They have a solar food dryer, 25 fruit and nut trees, solar cookers, solar hot water heater and photovoltaic panels, plenty of food in the garden and chickens in the yard.
Richard Heinberg, senior fellow at The Post Carbon Institute and author of several books on resource depletion, most recently The End Of Growth, gives us a tour of the home he shares with his wife in California.
It's a beautiful example of a sustainable house -- but the real value of this video is in his wise and enlightened commentary on where we are headed.
He sees clearly the changes coming to our modern industrial way of life, being that so much of his work centers on the study of declining fossil fuels, and our collective denial of the predicament. But he does not promote fear, blame, panic or negativity on any level.
He speaks about the end of our growth - based culture in positive tones. As we near the end of this unnaturally GDP-obsessed, fast paced economy that is constantly globalizing all sorts of processes of production and consumption, we are headed instead to an economy that is shrinking, and becoming more localized.
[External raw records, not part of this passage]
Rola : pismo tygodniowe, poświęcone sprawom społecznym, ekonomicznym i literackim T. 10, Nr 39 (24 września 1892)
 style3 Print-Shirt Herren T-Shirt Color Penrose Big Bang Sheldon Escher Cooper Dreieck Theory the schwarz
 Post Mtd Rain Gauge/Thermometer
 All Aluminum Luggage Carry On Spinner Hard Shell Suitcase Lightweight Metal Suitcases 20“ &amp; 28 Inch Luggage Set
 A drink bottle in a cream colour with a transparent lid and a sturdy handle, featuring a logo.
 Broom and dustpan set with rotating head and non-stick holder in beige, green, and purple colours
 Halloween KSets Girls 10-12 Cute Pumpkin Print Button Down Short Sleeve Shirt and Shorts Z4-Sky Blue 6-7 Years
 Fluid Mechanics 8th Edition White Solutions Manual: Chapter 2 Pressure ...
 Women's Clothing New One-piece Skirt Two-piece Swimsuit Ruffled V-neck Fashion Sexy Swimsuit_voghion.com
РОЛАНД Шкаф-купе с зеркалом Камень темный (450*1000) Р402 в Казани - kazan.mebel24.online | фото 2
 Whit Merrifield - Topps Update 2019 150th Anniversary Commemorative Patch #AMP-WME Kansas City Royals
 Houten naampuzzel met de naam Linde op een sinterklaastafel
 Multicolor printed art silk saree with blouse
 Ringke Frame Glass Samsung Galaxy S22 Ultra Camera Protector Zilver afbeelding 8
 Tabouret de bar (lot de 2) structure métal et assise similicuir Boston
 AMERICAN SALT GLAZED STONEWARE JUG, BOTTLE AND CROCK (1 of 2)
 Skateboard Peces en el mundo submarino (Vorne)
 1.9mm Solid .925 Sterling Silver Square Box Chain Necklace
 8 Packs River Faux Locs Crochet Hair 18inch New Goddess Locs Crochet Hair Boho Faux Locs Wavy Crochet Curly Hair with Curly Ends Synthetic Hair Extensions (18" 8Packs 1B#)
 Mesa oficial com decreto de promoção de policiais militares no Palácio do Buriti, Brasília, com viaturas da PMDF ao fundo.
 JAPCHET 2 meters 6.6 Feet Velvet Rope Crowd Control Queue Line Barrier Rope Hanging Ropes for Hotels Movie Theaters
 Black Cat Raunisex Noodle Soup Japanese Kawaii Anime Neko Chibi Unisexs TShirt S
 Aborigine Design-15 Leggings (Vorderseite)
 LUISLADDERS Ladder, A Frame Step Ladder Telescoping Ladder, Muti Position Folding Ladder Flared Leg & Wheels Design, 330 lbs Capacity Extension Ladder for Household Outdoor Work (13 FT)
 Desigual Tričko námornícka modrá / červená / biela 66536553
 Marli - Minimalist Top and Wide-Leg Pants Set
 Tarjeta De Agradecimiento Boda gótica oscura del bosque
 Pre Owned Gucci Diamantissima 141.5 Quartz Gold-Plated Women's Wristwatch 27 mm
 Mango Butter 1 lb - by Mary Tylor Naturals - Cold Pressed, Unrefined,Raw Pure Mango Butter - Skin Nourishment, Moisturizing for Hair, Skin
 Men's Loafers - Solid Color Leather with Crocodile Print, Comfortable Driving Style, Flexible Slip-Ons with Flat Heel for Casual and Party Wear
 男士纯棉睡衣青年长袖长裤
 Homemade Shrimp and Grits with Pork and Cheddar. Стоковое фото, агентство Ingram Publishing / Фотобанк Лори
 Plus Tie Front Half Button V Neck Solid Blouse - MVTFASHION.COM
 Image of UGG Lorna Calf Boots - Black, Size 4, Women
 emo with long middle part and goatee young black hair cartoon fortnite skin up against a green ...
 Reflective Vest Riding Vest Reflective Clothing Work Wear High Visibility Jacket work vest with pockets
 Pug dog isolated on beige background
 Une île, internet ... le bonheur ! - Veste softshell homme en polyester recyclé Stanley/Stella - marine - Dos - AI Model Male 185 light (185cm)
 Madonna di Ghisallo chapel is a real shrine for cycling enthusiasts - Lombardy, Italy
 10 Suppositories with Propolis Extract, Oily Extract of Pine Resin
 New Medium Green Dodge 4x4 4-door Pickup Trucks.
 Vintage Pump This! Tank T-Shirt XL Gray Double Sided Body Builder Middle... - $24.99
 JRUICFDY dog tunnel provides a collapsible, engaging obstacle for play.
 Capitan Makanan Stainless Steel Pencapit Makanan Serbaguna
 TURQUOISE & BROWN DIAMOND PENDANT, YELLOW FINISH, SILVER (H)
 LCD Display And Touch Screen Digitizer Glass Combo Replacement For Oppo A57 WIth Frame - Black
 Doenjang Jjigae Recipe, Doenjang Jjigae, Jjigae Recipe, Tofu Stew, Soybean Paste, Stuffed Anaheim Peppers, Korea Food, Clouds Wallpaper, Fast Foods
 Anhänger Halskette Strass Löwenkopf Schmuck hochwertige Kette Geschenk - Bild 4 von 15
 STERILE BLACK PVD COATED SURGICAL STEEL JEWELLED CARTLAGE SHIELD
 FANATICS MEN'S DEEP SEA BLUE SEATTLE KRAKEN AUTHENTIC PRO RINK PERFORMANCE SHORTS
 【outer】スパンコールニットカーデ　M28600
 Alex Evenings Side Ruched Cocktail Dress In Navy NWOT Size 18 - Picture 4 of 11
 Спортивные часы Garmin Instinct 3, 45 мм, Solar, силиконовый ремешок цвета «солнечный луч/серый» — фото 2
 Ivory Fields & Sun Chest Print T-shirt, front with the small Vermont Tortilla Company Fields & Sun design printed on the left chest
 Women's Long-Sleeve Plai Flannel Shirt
"We can in fact increase people's quality of life as consumption declines." Heinberg says confidently. "It's mostly a matter of what we aim for. Because we've created a financial system that depends on growth, we've been aiming for GDP growth above all else. But if we aim instead for the integrity of our environment and the quality of our community life as goals, then we can achieve those things while actually reducing our consumption."
This type of homestead- minded house, and these insights and goals, are exactly the type of thing we DO need MORE of!
--Bibi Farber
This video was produced by Fair Companies.
Richard Heinberg is the author of:
The End of Growth: Adapting to our New Economic Reality (June 2011)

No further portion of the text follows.